- Theatrical release poster by Renato Casaro
- Directed by: Paul Verhoeven
- Screenplay by: Gerard Soeteman Paul Verhoeven
- Story by: Gerard Soeteman
- Produced by: Gijs Versluys
- Starring: Rutger Hauer; Jennifer Jason Leigh; Tom Burlinson; Susan Tyrrell; Ronald Lacey; Jack Thompson;
- Cinematography: Jan de Bont
- Edited by: Ine Schenkkan
- Music by: Basil Poledouris
- Production companies: Riverside Pictures; Impala Studios;
- Distributed by: Orion Pictures (United States); Cannon Tuschinski Film Distribution (Netherlands);
- Release dates: June 10, 1985 (SIFF); August 30, 1985 (United States);
- Running time: 126 minutes
- Countries: United States Netherlands Spain
- Language: English
- Budget: US$6.5 million
- Box office: US$100,000 (United States)

= Flesh and Blood (1985 film) =

1985 film by Paul Verhoeven

Flesh and Blood is a 1985 erotic historical adventure film directed by Paul Verhoeven, and starring Rutger Hauer, Jennifer Jason Leigh, Tom Burlinson, Susan Tyrrell, Ronald Lacey, Bruno Kirby and Jack Thompson. The script was written by Verhoeven and Gerard Soeteman. The story is set in 1501 in early modern Italy, and follows two warring groups of mercenaries and their longstanding quarrel.

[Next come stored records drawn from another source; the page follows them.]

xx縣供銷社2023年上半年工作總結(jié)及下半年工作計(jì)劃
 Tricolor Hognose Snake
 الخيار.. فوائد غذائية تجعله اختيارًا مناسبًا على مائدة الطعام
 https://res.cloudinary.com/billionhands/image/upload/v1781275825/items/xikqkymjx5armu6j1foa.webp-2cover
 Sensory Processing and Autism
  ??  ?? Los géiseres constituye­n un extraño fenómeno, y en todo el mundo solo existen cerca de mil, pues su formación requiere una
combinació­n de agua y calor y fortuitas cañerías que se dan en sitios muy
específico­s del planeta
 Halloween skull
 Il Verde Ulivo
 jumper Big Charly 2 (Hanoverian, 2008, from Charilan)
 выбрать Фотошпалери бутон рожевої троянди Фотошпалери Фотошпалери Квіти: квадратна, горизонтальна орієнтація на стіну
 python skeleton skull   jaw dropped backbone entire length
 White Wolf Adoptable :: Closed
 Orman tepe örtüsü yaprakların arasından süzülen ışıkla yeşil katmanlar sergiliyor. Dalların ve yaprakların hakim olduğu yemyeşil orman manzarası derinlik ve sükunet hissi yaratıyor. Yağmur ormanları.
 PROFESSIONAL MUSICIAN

The script is partly based on unused material for the Dutch television series Floris, which was the debut for Verhoeven, Soeteman and Hauer. The film, originally titled God's Own Butchers, was also known as The Rose and the Sword on early VHS releases. It was Verhoeven's first English-language film.

Upon its release in August 1985, Flesh and Blood was a box office bomb, earning only USD100,000 on a USD6.5 million production budget. The film has since garnered a small cult following. The director's biographer called it "a crucial Verhoeven film, because the fight between logic and spirituality is one that is very familiar to the director; these are the elements still fighting for priority in his own mind."

== Plot ==
In 1501, a city in Italy was taken by a putsch while its rightful ruler, Arnolfini, was away. Arnolfini promises some mercenaries 24 hours of looting if they succeed in retaking the city, and they do so, raping and killing those who stand in their way. In their revelry, Arnolfini decides that he wants the mercenaries gone.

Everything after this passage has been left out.